With reference to the second aspect, in a first possible implementation manner of the second aspect, the third determining unit includes:

the determining subunit is configured to calculate an amplitude average value corresponding to each sample value according to the amplitude value of each sample value and the adaptive normalization length, and determine an amplitude disturbance value corresponding to each sample value according to the amplitude average value corresponding to each sample value;

and the amplitude value adjusting operator unit is used for calculating the amplitude value adjusting value of each sampling value according to the amplitude value of each sampling value and the amplitude disturbance value corresponding to the amplitude value.

With reference to the first possible implementation manner of the second aspect, in a second possible implementation manner of the second aspect, the determining the subunit includes:

the determining module is used for determining the sub-band to which the sampling value belongs according to the self-adaptive normalization length for each sampling value;

and the calculation module is used for calculating the average value of the amplitude values of all the sampling values in the sub-band to which the sampling value belongs, and taking the calculated average value as the amplitude average value corresponding to the sampling value.

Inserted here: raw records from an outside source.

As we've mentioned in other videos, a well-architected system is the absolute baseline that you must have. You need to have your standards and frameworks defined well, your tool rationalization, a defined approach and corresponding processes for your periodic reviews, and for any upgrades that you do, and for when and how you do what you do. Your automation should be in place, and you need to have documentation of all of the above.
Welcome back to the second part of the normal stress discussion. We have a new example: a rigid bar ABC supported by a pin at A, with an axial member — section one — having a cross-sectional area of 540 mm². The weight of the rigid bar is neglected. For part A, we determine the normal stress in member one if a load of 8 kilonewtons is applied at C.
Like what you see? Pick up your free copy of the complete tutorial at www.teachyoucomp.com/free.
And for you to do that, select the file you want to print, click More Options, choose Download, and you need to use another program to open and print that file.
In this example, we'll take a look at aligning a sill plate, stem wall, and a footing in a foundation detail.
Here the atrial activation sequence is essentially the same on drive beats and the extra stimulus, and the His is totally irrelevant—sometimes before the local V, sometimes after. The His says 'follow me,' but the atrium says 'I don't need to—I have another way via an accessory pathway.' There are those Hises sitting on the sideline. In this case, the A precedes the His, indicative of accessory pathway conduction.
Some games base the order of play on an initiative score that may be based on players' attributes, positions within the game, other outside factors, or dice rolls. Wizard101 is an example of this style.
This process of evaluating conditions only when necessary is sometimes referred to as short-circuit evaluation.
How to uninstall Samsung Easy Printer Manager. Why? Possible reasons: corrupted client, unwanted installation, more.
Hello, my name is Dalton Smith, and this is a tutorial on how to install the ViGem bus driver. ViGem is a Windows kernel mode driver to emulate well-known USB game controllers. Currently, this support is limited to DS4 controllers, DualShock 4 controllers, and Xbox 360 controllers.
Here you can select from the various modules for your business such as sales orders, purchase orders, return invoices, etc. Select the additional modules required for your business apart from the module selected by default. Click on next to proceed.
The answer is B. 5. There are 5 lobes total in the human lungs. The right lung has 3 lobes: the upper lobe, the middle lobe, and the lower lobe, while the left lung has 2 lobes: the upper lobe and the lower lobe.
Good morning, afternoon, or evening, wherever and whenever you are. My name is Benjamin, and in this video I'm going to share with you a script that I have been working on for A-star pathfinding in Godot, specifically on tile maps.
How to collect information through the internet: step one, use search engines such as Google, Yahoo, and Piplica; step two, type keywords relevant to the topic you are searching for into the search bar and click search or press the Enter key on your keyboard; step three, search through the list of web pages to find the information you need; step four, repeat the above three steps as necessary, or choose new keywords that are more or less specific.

With reference to the second possible implementation manner of the second aspect, in a third possible implementation manner of the second aspect, the determining module is specifically configured to:

With reference to the first possible implementation manner of the second aspect, and/or the second possible implementation manner of the second aspect, and/or the third possible implementation manner of the second aspect, in a fourth possible implementation manner of the second aspect, the adjustment amplitude value operator unit is specifically configured to:

With reference to the second aspect, and/or the first possible implementation manner of the second aspect, and/or the second possible implementation manner of the second aspect, and/or the third possible implementation manner of the second aspect, and/or the fourth possible implementation manner of the second aspect, in a fifth possible implementation manner of the second aspect, the second determining unit includes:

the dividing subunit is used for dividing a low-frequency band signal in the voice frequency signal into N sub-bands; n is a natural number;

the number determining subunit is used for calculating the peak-to-average ratio of each sub-band and determining the number of the sub-bands of which the peak-to-average ratio is greater than a preset peak-to-average ratio threshold;

and the length calculating subunit is used for calculating the self-adaptive normalization length according to the signal type of the high-frequency band signal in the voice high-frequency signal and the number of the sub-bands.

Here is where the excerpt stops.